# FlexiCodec: Supplementary code

## Architecture

This is our code package for the paper "FlexiCodec: a dynamic neural audio codec for low frame rates". We have removed the copyright information from some of the third-party files to maintain anonymity, but we will properly cite them when we open source our code.

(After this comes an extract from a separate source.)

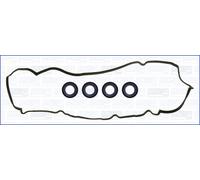 Ajusa Originale Set guarnizioni coperchio testata 56058100 per Mazda 6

This code package is a preview version.

### Core Model (`modeling_flexicodec.py`)
The main model implementation featuring:
- **Dual Stream Encoder**: Processes both acoustic and semantic features
- **Dynamic Frame Rate Mechanism**: Adaptive frame merging/un-merging based on semantic content
- **Transformer Bottlenecks**: Specialized transformers for frame rate conversion
- **Semantic Feature Integration**: Supports multiple pre-trained semantic features (SenseVoice, Whisper, W2vBERT2)

### Neural Audio Processing (`modules/dac_model.py`)
Codec encoder and decoder components including:
- **Residual Units**: Residual blocks with Snake activation and weight normalization
- **Convolutional Architecture**: Efficient 1D convolutions for audio feature extraction
- **Encoder-Decoder Structure**: Symmetric design for audio reconstruction

### Quantization (`modules/quantize.py`, , `modules/fsq_quantizer.py`, `modules/fsq_wrapper.py`)
Vector quantization system for discrete token generation:
- **Residual Vector Quantization (RVQ)**
- **Finite Scalar Quantization (FSQ)**
- **Codebook Learning**: End-to-end optimization of quantization codebooks with straight-through estimator

### Discriminative Training (`modules/discriminator.py`)
Adversarial training components:
- **Multi-Period Discriminator (MPD)**
- **Multi-Resolution Spectrogram Discriminator**

### Loss Functions (`modules/loss.py`)
Comprehensive loss suite for training:
- **Reconstruction Losses**: L1, Mel-spectrogram, multi-band Mel-spectrogram losses
- **Adversarial Losses**: GAN losses for discriminator training

### Transformer Components (`modules/transformer.py`)
The transformer for FlexiCodec's frame merging and unmerging modules. 
It uses local windowed attention.

### CNN Components (`modules/cnn.py`)
Convolutional neural network building blocks:
- **ConvNeXt Blocks**: Modern CNN architecture for feature extraction

## Data Processing

### Dataset (`dataloaders/dataset.py`)
Audio dataset implementation:
- ** Audio Loading**: Supports various audio formats and sampling rates
- **Feature Extraction**: Integrated FBank and SeamlessM4T feature extraction
- **Segment Processing**: Crop to fixed-length audio segments

### Feature Extractors (`dataloaders/feature_extractors.py`)
Specialized feature extractions for each ASR/SSL model.

## Training Infrastructure

### Main Training Script (`train_codec.py`)
Complete training pipeline:
- **Distributed Training**: Multi-GPU training support with DDP
- **Checkpoint Management**: Resume training and model saving
- **Logging and Monitoring**: TensorBoard integration for experiment tracking
- **Configuration Management**: YAML-based configuration system

### Configuration (`conf/flexicodec_example.yaml`)
The configuration that we use to instantiate the main class in `modeling_flexicodec.py`.

### Evaluation (`evaluation/eval_codec.py`)
We also attach our development evaluation code. This includes audio quality metrics, semantic preservation metrics, code utilization, and real-time factor evaluations.